The perils of unsigned iteration in C/C++
June 11th, 2010 at 6:17 amC and C++ frequently coax you into using an unsigned type for iteration. Standard functions like strlen and the size method of containers (in C++) return size_t, which is an unsigned type, so to avoid conversion warnings you comply and iterate with a variable of the appropriate type. For example:
size_t len = strlen(some_c_str);
size_t i;
for (i = 0; i < len; ++i) {
/* Do stuff with each char of some_c_str
*/
}
I’ve long been aware of one painful gotcha of using size_t for iteration – using it for iterating backwards. The following code will fail:
/* Warning: buggy code!
*/
size_t len = strlen(some_c_str);
size_t i;
for (i = len - 1; i >= 0; --i) {
/* Do stuff with each char of some_c_str, backwards
*/
}
When i reaches 0 it’s still within bounds, so it will be decremented and become a huge positive number (probably 2^((sizeof(size_t)*8) - 1). Congratulations, we have an infinite loop.
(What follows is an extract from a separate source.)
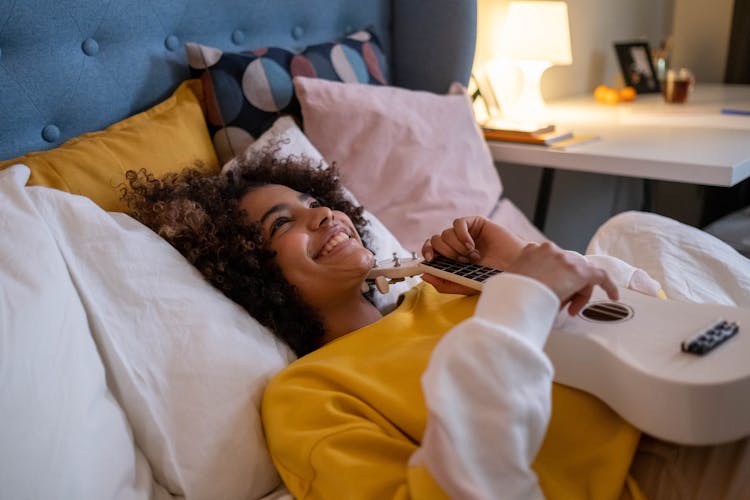 A Woman Lying In Bed With A Ukulele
Today I ran into another manifestation of this problem. This one is more insidious, because it happens only for some kinds of input. I wrote the following code because the operation had to consider each character in the string and the character after it:
/* Warning: buggy code!
*/
size_t len = strlen(some_c_str);
size_t i;
for (i = 0; i < len - 1; ++i) {
/* Do stuff with some_c_str[i] and some_c_str[i+1].
*/
}
Can you spot the bug?
When some_c_str is empty, len is 0. Therefore, i is compared with the unsigned version of -1, which is that huge positive number again. What chance does poor i have against such a giant? It will just keep chugging along, well beyond the length of my string.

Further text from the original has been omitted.